(Beginning of RECORDS FOR THIS EXERCISE)
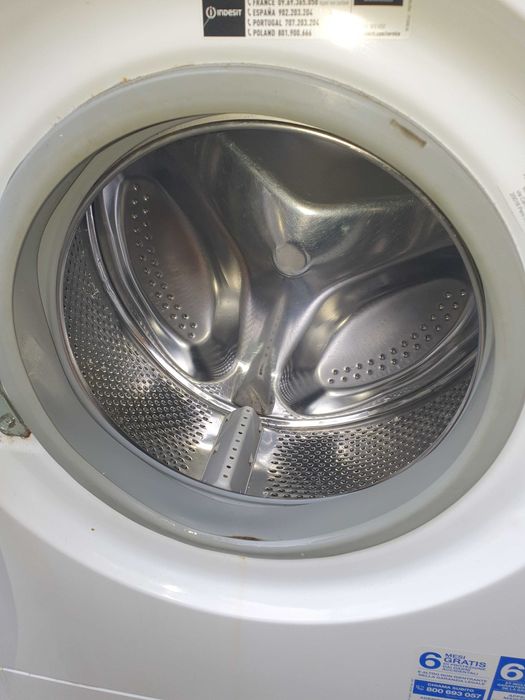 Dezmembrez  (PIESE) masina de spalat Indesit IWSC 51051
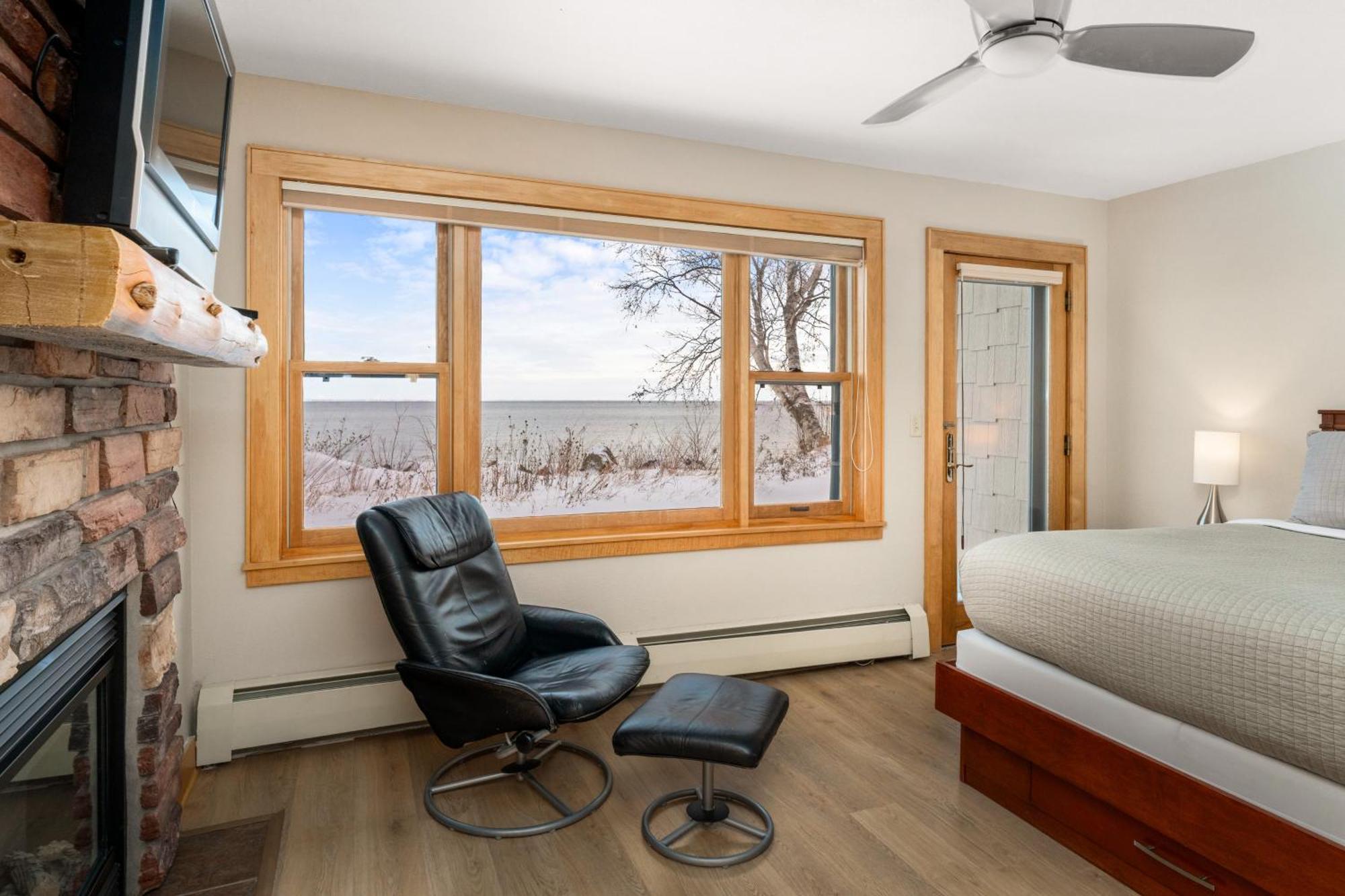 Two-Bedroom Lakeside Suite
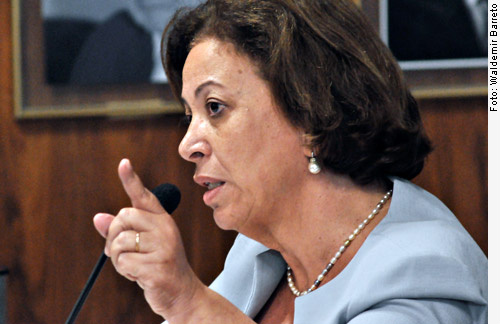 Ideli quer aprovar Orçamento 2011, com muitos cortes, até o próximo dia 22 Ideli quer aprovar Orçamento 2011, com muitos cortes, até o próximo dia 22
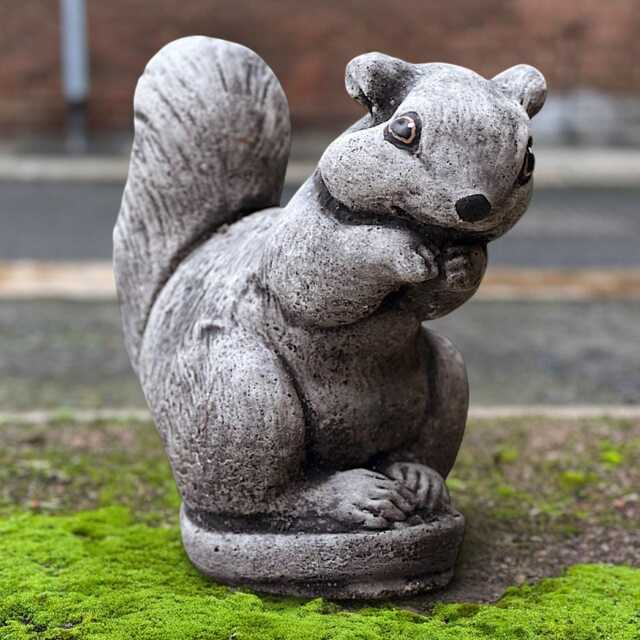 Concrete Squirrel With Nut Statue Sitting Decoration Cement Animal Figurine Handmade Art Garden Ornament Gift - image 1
(End of RECORDS FOR THIS EXERCISE)
(Beginning of RECORDS FOR THIS EXERCISE)
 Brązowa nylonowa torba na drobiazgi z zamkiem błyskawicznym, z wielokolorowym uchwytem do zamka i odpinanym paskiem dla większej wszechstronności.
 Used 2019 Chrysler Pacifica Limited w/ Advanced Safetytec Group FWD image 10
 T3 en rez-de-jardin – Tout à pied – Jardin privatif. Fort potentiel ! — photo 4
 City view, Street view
(End of RECORDS FOR THIS EXERCISE)
(Beginning of RECORDS FOR THIS EXERCISE)
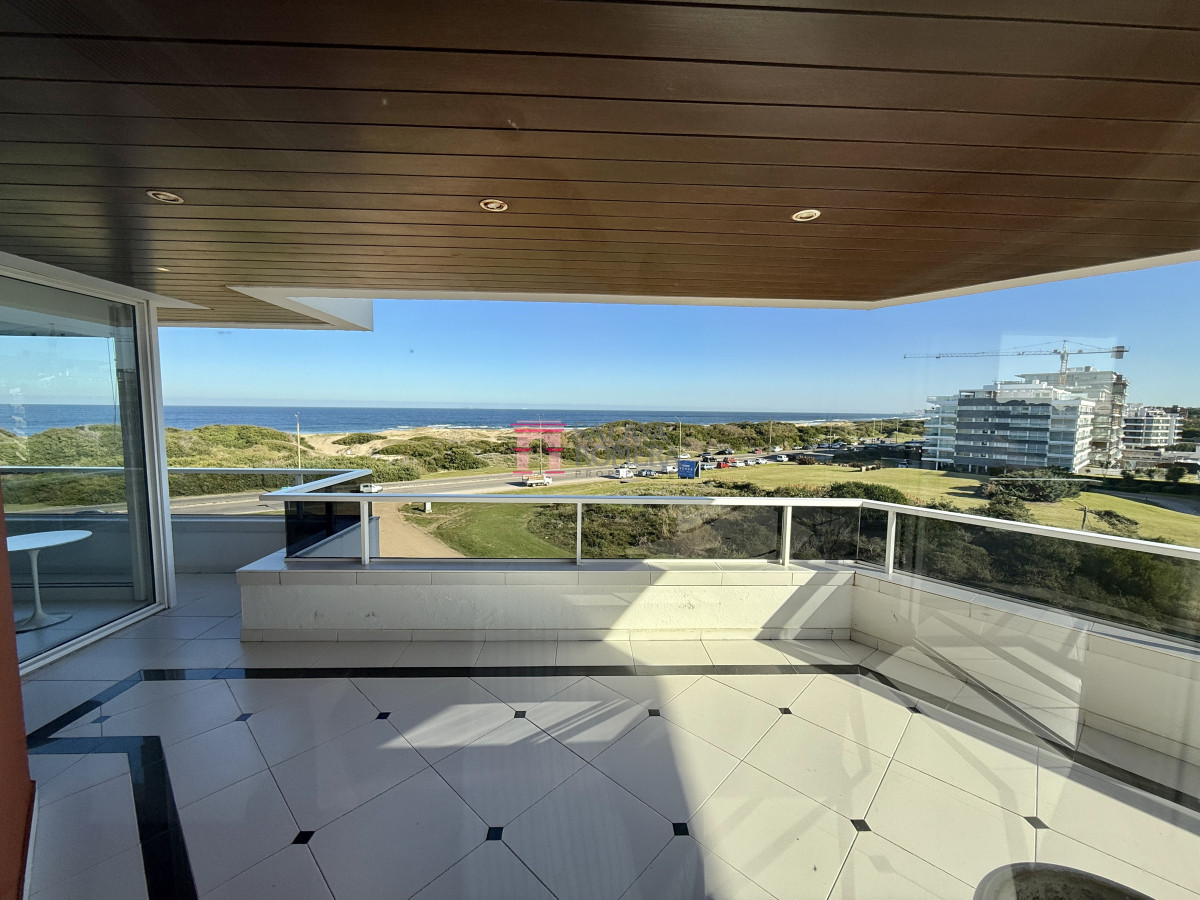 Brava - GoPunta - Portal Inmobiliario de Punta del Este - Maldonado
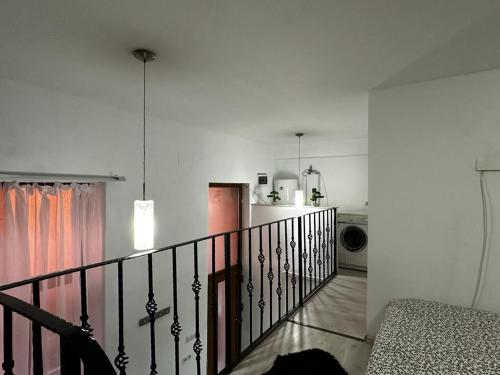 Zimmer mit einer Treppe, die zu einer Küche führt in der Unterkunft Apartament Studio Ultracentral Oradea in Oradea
(End of RECORDS FOR THIS EXERCISE)
*WORK INSTRUCTION:* Quote the data above from the line containing "Used 2019 Chrysler" to the line containing "City view, Street view", inclusive, and stop.

*WRITTEN SOLUTION:*
 Used 2019 Chrysler Pacifica Limited w/ Advanced Safetytec Group FWD image 10
 T3 en rez-de-jardin – Tout à pied – Jardin privatif. Fort potentiel ! — photo 4
 City view, Street view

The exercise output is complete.